I consult a local attorney, Claire Buzz Ball, for advice on how I can get reasonable access to my children. That's all I want. Not custody, but to spend every other weekend with them. But Buzz tells me that since the divorce proceedings are in a different jurisdiction, namely South Africa, the family court in Athens, Ohio, cannot decide on custody and visitations in the matter. He advises me to withdraw the case from South Africa and initiate a new one in Athens. Only then can the court in Athens address questions of custody. His advice makes sense. After all, the case in South Africa has stalled. Adele's lawyer, Raymond Tucker, died in a car accident and his office had transferred her file to a new
firm of lawyers. I instruct my attorneys in Johannesburg to withdraw the case immediately, and they do so.

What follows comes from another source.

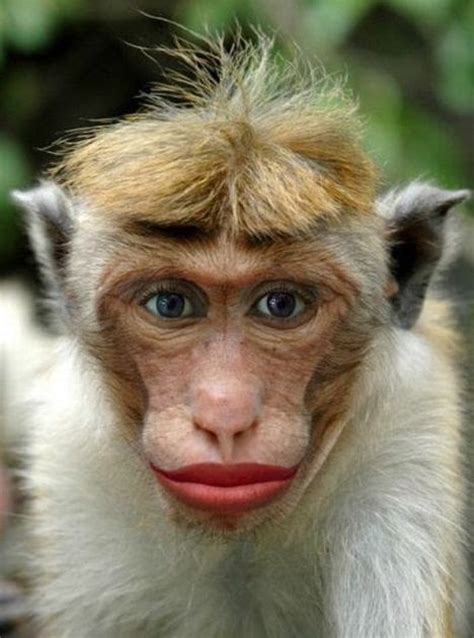 Mono Con los Labios Pintados   Imagenes de Animales ...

Buzz is a sharp lawyer. He used to be a politician and a member of the State House of Representatives for the Republican Party, so he knows his way around the system. He files a Complaint for Divorce and Temporary Orders for Visitation Rights in the Court of Common Pleas Domestic Relations Division, Athens County. Again, you can see that even at this point all I want are my visitation rights and nothing more. Adele does receive these documents through certified mail and signs for them. Later she is to claim that she never received them.
On Thursday I go to the Ridges to fetch Zenzi for the final dress rehearsal. The show is on Saturday and I know she is looking forward to it. She was very excited when I took her for her costume fitting two days before. I knock at the door but there is no response. It is strange because the red Nissan is parked outside and the curtains are not closed. I wait for a while. And then I drive to the Bird Arena where the show will be held, hoping that perhaps Zenzi's mom took her there. She is not there. I go back to the Ridges and wait outside. It gets dark but still there is no sign of Zenzi, Zuki or Adele. I drive back to my apartment. I call Adele's place repeatedly, hoping that she is back with the kids from wherever she had taken them. No one answers and I leave voice messages. The voice messages become frantic as the night progresses. Early in the morning I return to the Ridges and still no one is there. By this time I am a nervous wreck. What could have happened to my children?